Wednesday, April 06, 2005

A dubious rule, through and through

The SEC, says the AP, is set to approve an extension of the "trade-through rule" to electronic markets such as the NASDAQ. Which is a shame.

The rule, long a mainstay on the floor of the New York Stock Exchange (NYSE) requires brokers to execute trades at the lowest current price. Which sounds great in theory, but doesn't always work that well in practice. For one thing, it can make large trades complicated and uncertain. Hidden behind that price you see in the back pages of your Wall Street Journal every day is a constantly fluctuating auction of shares in a particular company. It arises from the interaction of many sellers and many buyers, each trading different-sized lots (clusters of shares) and coming to the table with different bids and asks (prices at which one is willing to buy and sell a share, respectively).

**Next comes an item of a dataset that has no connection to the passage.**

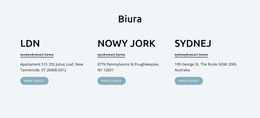 Biura Firmy - Niestandardowy Szablon Joomla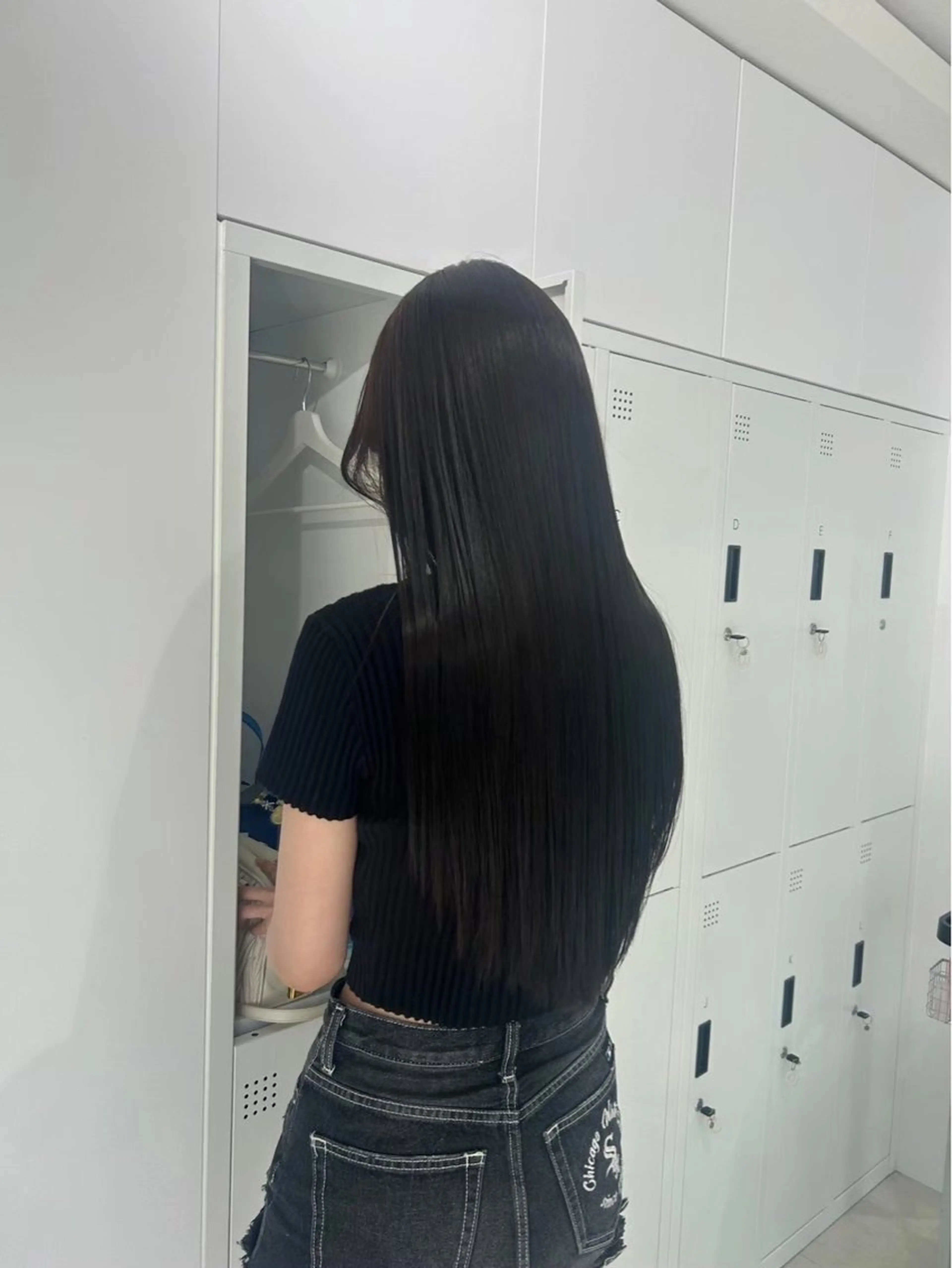 ロング カラー 🖤:抜け感×大人 スタイル/Aoiのヘアスタイル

The trade-through rule requires that your trade be executed at the best price, which it defines as the lowest price if you're buying and the highest price if you're selling.

What could be wrong with that? Potentially a lot, if you're a big investor (and those are the ones who count in this argument, since small investors aren't the ones who make the type of trade where this matters, and have no business trying to do so). If you are trying to buy a large block of shares quickly (say, 10,000) but the best price is only available on a 100-share lot, your broker will first have to buy that 100 shares, and then the 5,000-share lot that might offer the next-best price, then the 2,500-share lot with the next-best price after that, and so forth until he has cobbled together your 10,000 shares. This can be a time-consuming process, during which the price may continue to fluctuate. Meaning that you will have an angst-inducing period of up to a few minutes during which you will know that your broker is executing a big, expensive deal, but you won't know just how expensive the deal will be. Which will probably send shares of Pepto-Bismol's manufacturer skyrocketing.

But there's an even bigger philosophical question at stake. Why is the SEC so hell-bent on inflicting an NYSE rule on other stock markets? Currently, NASDAQ and a host of other electronic marketplaces operate without the trade-through rule, and there hasn't been any clamor there to introduce it. In fact, a lot of people who actually execute trades on a daily basis seem to like the flexibility that the NASDAQ system offers to execute a trade precisely how one wants to. (Although many brokerages have publicly supported the SEC's recent move, arguably for political reasons.) If anything, the trade-through rule is one of several unpopular features of the NYSE (another being its human "specialist" system, almost unique in the western world now, in which real people actually conduct the auctions described above on a trading floor).

This unpopularity is part of the reason why the NYSE has been antsy lately about the growing draw NASDAQ seems to be exercising in the equity market. But instead of changing their own rules to conform to what traders seem to want, the NYSE has found it easier to goad a compliant SEC into making the unpopular rule the law of the land.

Despite the polemical tone of the description above, the Cranky Economist is actually agnostic about the merits of the trade-through rule per se. Perhaps brokers really do find it useful. In which case, we would expect to see them taking their business to the NYSE trading floor. But that's just the point -- we should let the market decide this one.